Говоря и действуя, мы включаемся в мир людей, существовавший прежде чем мы в него родились, и это включение подобно второму рождению, когда мы подтверждаем голый факт нашей рожденности, словно берем на себя ответственность за него. Но хотя никто не может целиком и полностью уйти от этого минимума инициативы, она тем не менее не вынуждена никакой необходимостью, как вынуждена работа, и не спровоцирована в нас стремлением к успеху и перспективой полезности.
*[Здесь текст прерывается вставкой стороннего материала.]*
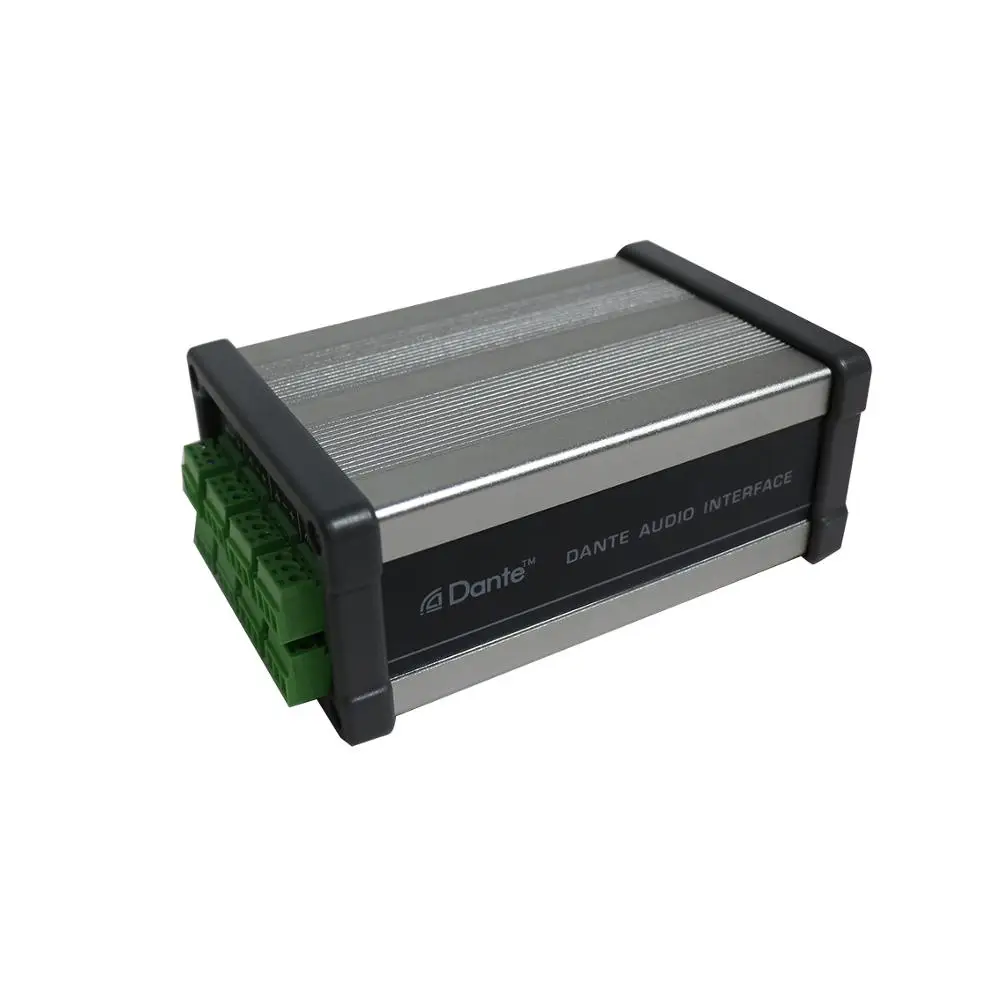 Ben & fellows 521017 dante 4 dentro e 4 fora conversor de áudio e transmissor com suporte de interface audinate 12vdc fonte de alimentação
Присутствие других, с кем мы хотим сблизиться, может в каждом отдельном случае быть стимулом, но сама инициатива им не обусловлена; импульс заложен скорее в том самом начале, которое пришло в мир с нашим рождением и на которое мы отзываемся тем, что сами по собственной инициативе начинаем что-то новое.[33]
Слова Ханны Арендт проносятся рысью перед глазами, иногда переходя на галоп и затем возвращаясь к рыси. В каждом предложении чувствуется, что Арендт осознаёт, как непросто за ней поспевать. Она полностью отдается той мысли, которую описывает, но в то же время всегда следит за тем, чтобы читатели от нее не отставали. Она берет Верену за руку, будто той двенадцать, а Ханна Арендт – ее любимая, но строгая крестная. Верена с легкостью и без сопротивления следует за ней. Арендт позволяет увидеть что-то новое: пока ее слова сопровождают Верену по одному из фрагментов мира, Арендт упорядочивает чудовищную несуразность этого фрагмента, смягчая удар от предстоящего столкновения. Тогда мир не раздавит Верену всей своей массой, и она повстречает на пути что-то более рациональное, чем мир как таковой. Что-то, обладающее смыслом. Что-то, вселяющее надежду.
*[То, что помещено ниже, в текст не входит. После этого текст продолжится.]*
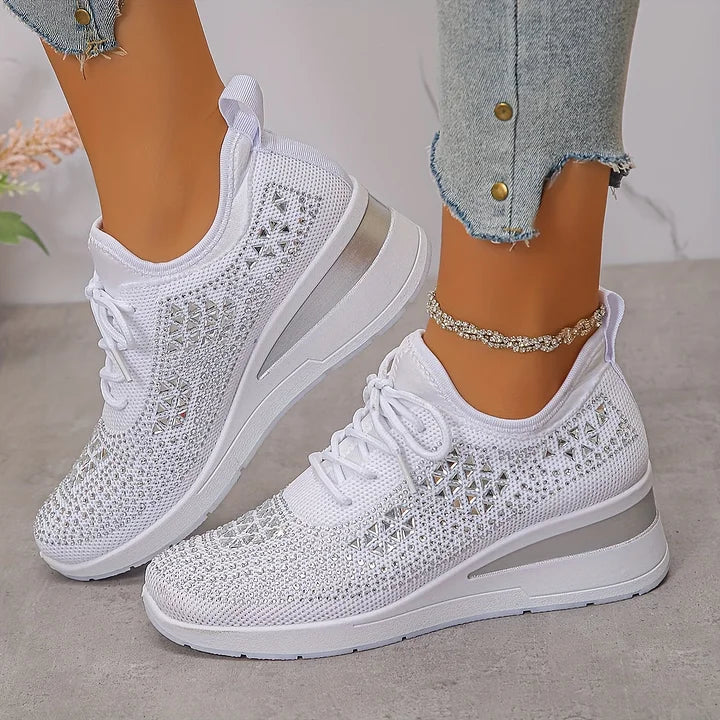 Jordyn™ | Crystal Knit Sneakers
При этом Ханна Арендт никогда не упускает из виду две темы: Третий рейх и древних греков. Опыт Третьего рейха лежит в основе всего и возвышается надо всем. На древних греков можно положиться. Именно с их помощью Арендт объясняет, как устроен мир. Для нее древние греки ассоциируются с благоразумием и дальновидностью. Обратившись к их опыту, мир еще может вернуться к здравому смыслу. Эти два аспекта постоянно напоминают Верене о ее детстве в восьмидесятые годы в Западной Германии. Впрочем, не только они. Верена читает Ханну Арендт и видит темные, забитые книгами комнаты, куда ее нередко таскали с собой родители. Пока дети играли на солнце, взрослые, сидя в тяжелых креслах для чтения, курили, пили херес и вели светские беседы. Если ты был тих и незаметен, то тебе разрешалось остаться и послушать. В воспоминаниях Верена всегда видит солнечный луч, который проникает в комнату через окно, и пыль, танцующую в этом свете. Ее родители были детьми шестидесятых годов, они выросли на творчестве Пикассо, Клее, музыке Брамса, Гленна Гульда и трудах древних греков. Частичка этого еще была жива в них и в восьмидесятые. Национал-социализм был темой для размышлений, которую они, как и Ханна Арендт, никогда не упускали из виду.
Верена сидит на газоне, и ей хочется вернуть что-то из этого. Однако она не знает, по чему скучает – по тому, насколько уточненной и искренне демократичной была западногерманская интеллигенция, или по молодым родителям, чье жизнерадостное благоразумие, казалось, делало возможным существование дружелюбного, благоразумного мира (Верена теперь постоянно вспоминает об этом при чтении работы Ханны Арендт). Возможно, Верена скучает по себе самой в возрасте двенадцати лет, когда она ждала, что к ней подойдет нужный человек, возьмет за руку, и они вместе пойдут навстречу наполненному искусством и волнующими идеями миру. Она откладывает книгу и растягивается на траве.
Пепельно-серое одиночество в творчестве В. Г. Зебальда
Клаус лежит, укутавшись шерстяным одеялом, на шезлонге с книгой В. Г. Зебальда «Аустерлиц». Он попивает маленькими глотками горячий кофе из термоса и смотрит на серую гладь озера. Затем раскрывает книгу и с головой погружается в текст. Достаточно лишь двух предложений, и он совершенно выпадает из жизни и оказывается во власти языка Зебальда, его интеллигентной грусти и абсурдно-нежного мира.